Listed records:
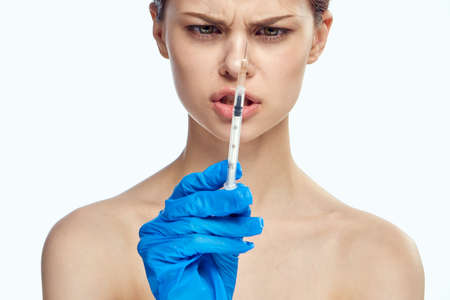 Young beautiful woman on white isolated background holds a syringe, plastic surgery, medicine.の写真素材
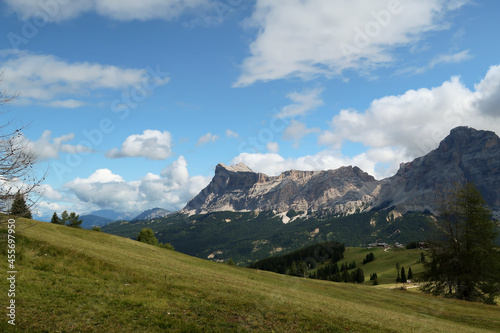 idyllic view of a mountain in the alps with a green meadow in the foreground and a high mountain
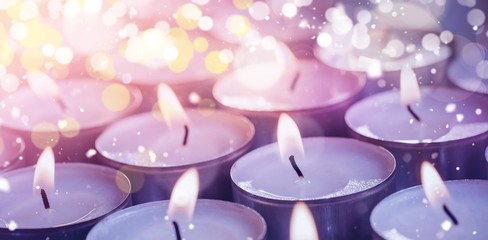 Obraz na płótnie Canvas Illuminated candles during Christmas time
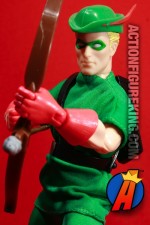 Fully articulated Silver Age Green Arrow action figure with authentic fabric outfit.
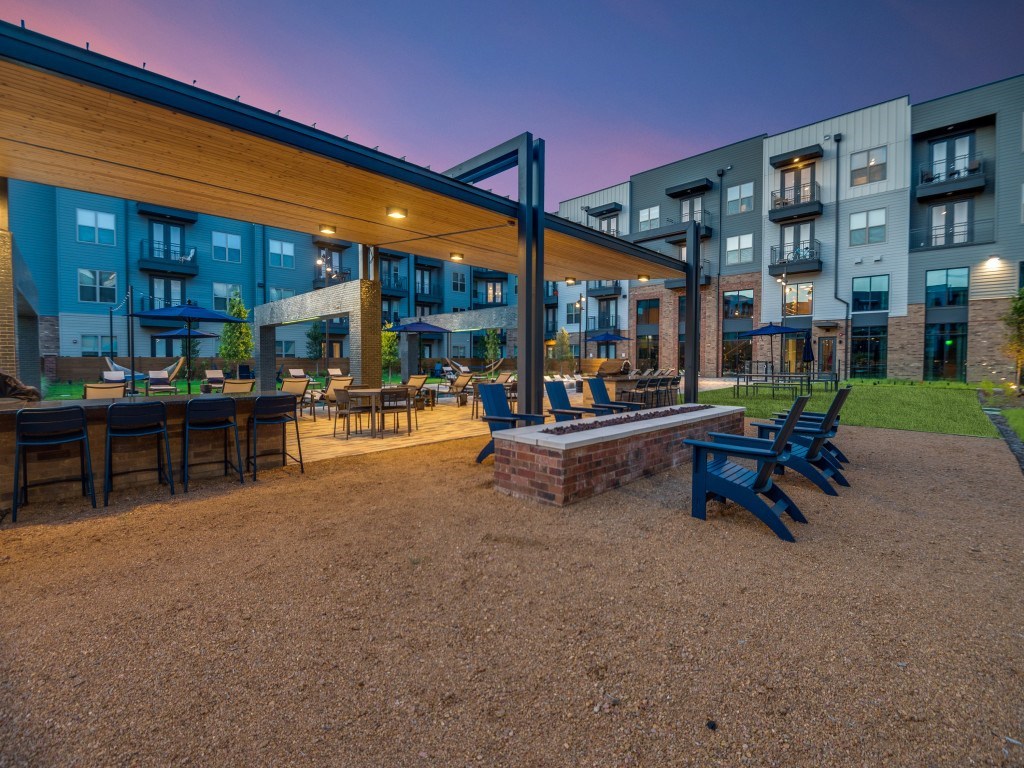 A patio area with a table and chairs is surrounded by apartment buildings.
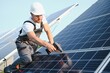 © Serhii - Worker installing solar panels outdoors.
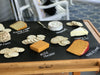 Image of cheese assortment with cheese names identified written on chalkboard paper with Chalk Ink white liquid chalk marker  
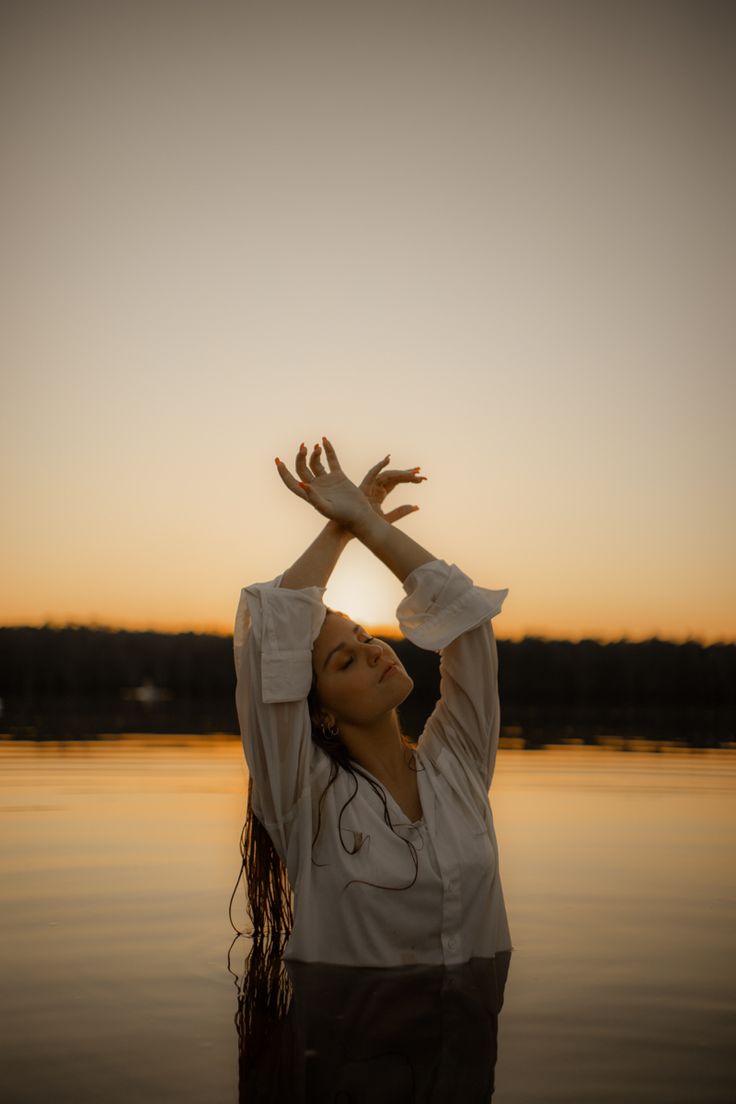 a woman standing in the water with her hands up to her head as the sun sets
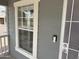 Secure front door with security features, framed by a window, in a well maintained home at 201 S Greenfield S Rd # 222, Mesa, AZ 85206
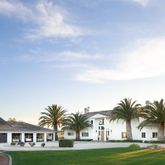 a front view of residential houses with yard and palm tree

What this task involves: Without including any picture, reproduce all of the material exactly.

Exercise response:
 Young beautiful woman on white isolated background holds a syringe, plastic surgery, medicine.の写真素材
 idyllic view of a mountain in the alps with a green meadow in the foreground and a high mountain
 Obraz na płótnie Canvas Illuminated candles during Christmas time
 Fully articulated Silver Age Green Arrow action figure with authentic fabric outfit.
 A patio area with a table and chairs is surrounded by apartment buildings.
 © Serhii - Worker installing solar panels outdoors.
 Image of cheese assortment with cheese names identified written on chalkboard paper with Chalk Ink white liquid chalk marker  
 a woman standing in the water with her hands up to her head as the sun sets
 Secure front door with security features, framed by a window, in a well maintained home at 201 S Greenfield S Rd # 222, Mesa, AZ 85206
 a front view of residential houses with yard and palm tree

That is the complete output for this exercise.